Ah, the "coach's son." He's the kid who always gets to pitch in Little League, the one who plays quarterback because he and the head coach have the best rapport, the one who makes the basketball team even if he can't go to his left...or his right. And he faces extra pressure to excel; no matter how good he is, whenever he fails, people whisper, "He's only on the team because he's his daddy's boy."
Failure is something Bo Clark is unfamiliar with. His 31.6 points per game last season included 51 against Florida Institute of Technology and 44 against Flagler. In a game with Florida Memorial College in 1977 he scored 70 points. He is the Knights' alltime scoring leader with 2,211 points, and he has a chance to become the eighth player in NCAA history to score 3,000 points in his career. To get his 28-point career scoring average, he has taken nearly 30 shots a game, a third of his team's total.
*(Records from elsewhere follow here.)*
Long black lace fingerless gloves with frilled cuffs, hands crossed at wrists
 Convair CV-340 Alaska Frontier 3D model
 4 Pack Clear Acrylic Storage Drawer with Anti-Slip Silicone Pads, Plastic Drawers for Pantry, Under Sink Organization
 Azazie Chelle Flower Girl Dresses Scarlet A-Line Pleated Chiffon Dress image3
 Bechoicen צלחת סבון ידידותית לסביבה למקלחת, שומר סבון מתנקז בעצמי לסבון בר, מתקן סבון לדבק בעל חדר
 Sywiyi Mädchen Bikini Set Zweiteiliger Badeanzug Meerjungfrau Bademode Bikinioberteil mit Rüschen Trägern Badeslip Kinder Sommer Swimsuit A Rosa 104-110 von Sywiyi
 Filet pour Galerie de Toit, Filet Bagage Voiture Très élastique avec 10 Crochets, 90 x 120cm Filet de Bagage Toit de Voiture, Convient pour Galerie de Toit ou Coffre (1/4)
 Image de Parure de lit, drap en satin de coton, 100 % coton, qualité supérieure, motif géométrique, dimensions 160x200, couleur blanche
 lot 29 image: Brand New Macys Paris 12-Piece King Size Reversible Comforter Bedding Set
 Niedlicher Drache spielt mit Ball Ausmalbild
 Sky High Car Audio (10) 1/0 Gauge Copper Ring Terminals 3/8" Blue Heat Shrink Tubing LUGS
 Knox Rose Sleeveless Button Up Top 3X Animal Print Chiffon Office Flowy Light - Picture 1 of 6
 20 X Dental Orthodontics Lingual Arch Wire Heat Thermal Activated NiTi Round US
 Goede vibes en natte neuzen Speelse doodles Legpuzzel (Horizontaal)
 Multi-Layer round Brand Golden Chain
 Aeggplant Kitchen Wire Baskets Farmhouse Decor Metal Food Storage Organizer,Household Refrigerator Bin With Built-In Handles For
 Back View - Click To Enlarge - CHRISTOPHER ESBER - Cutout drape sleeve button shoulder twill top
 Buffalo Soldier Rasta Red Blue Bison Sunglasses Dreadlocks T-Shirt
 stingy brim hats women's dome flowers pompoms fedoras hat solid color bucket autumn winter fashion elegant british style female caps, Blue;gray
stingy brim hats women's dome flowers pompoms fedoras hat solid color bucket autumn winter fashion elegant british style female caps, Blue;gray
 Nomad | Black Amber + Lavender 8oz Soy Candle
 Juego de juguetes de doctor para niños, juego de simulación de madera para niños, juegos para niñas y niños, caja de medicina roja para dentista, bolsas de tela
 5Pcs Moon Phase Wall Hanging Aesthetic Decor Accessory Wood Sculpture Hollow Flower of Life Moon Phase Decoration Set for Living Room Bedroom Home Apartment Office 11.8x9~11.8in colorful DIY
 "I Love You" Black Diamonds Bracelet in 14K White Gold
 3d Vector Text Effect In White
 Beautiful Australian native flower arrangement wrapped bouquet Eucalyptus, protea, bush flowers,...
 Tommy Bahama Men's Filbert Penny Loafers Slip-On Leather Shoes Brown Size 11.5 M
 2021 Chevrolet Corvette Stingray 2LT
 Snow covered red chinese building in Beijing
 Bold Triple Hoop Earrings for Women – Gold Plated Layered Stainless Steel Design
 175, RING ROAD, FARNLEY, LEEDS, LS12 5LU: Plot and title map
The potential for embarrassment in this statistic is not lost on him. "I'd really be in trouble if I were playing for my dad and taking 30 shots a game and we were losing," he says.
But there has been very little losing at Central Florida. In the 10 years since Torchy Clark initiated the basketball program at the school, which was once known as Florida Technological University, the Knights have gone 173-57 and have won three berths in the NCAA Division II tournament. During Bo's career the team has been 66-16, twice winning the Sunshine State Conference championship. In 1977-78, when Bo broke a bone in his right foot and was redshirted for the entire season, Central Florida won 24 in a row—its longest winning streak—and reached the final four.
"That team had a nice chemistry," says Torchy, "but I wouldn't want to be without Bo again. Bo is a Division I player in a Division II program."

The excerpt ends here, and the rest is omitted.